Provided records:
Start of Block

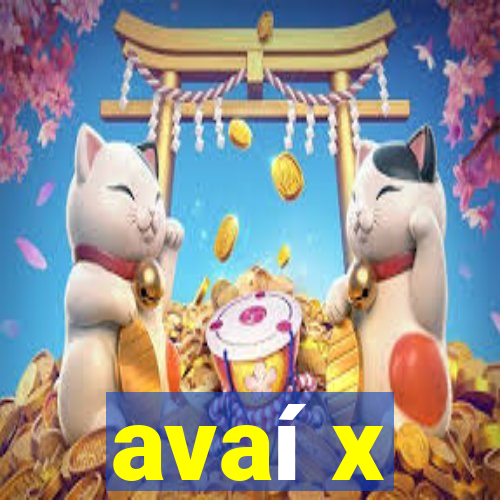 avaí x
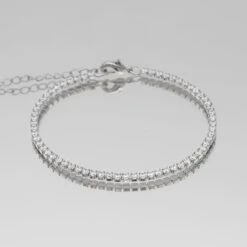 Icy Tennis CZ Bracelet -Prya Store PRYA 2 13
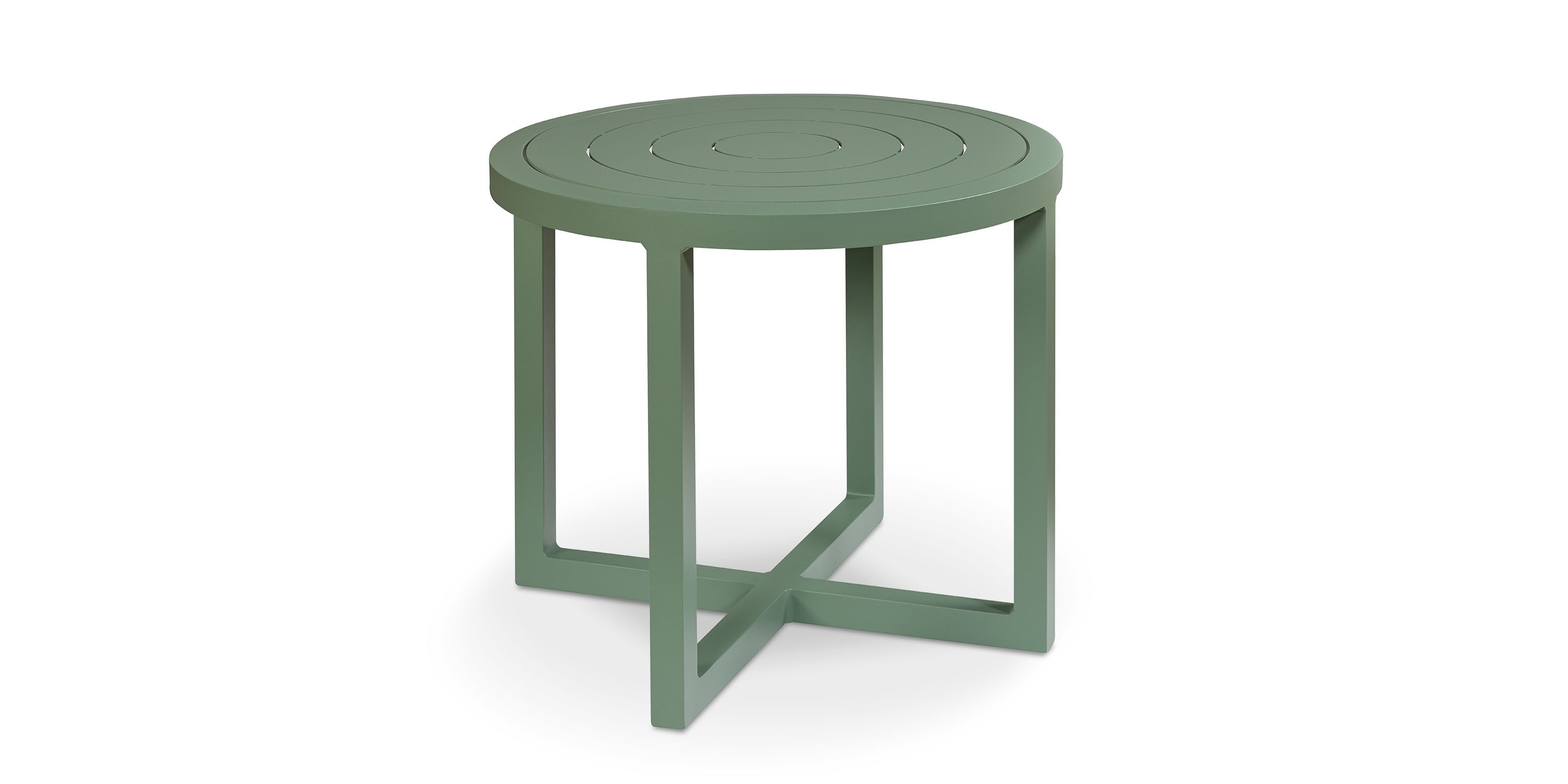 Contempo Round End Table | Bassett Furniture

End of Block
Start of Block

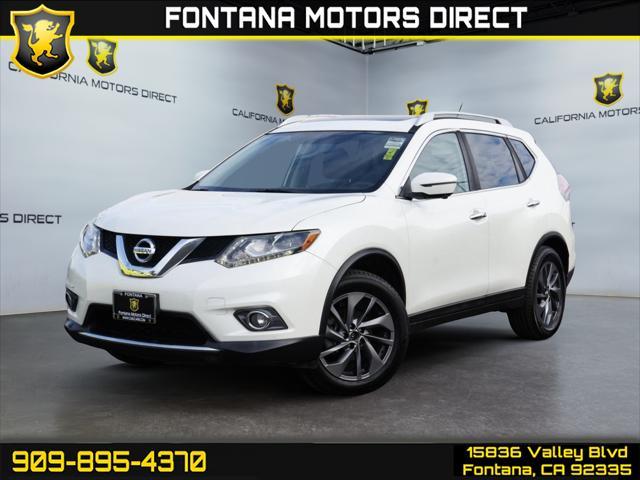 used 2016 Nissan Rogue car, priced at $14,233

End of Block

What this task involves: With pictures excluded, reproduce exactly the lines above from the one containing "Icy Tennis CZ Bracelet -Prya Store PRYA 2 13" down to the one containing "Contempo Round End Table | Bassett Furniture", those two included.

Solution:
 Icy Tennis CZ Bracelet -Prya Store PRYA 2 13
 Contempo Round End Table | Bassett Furniture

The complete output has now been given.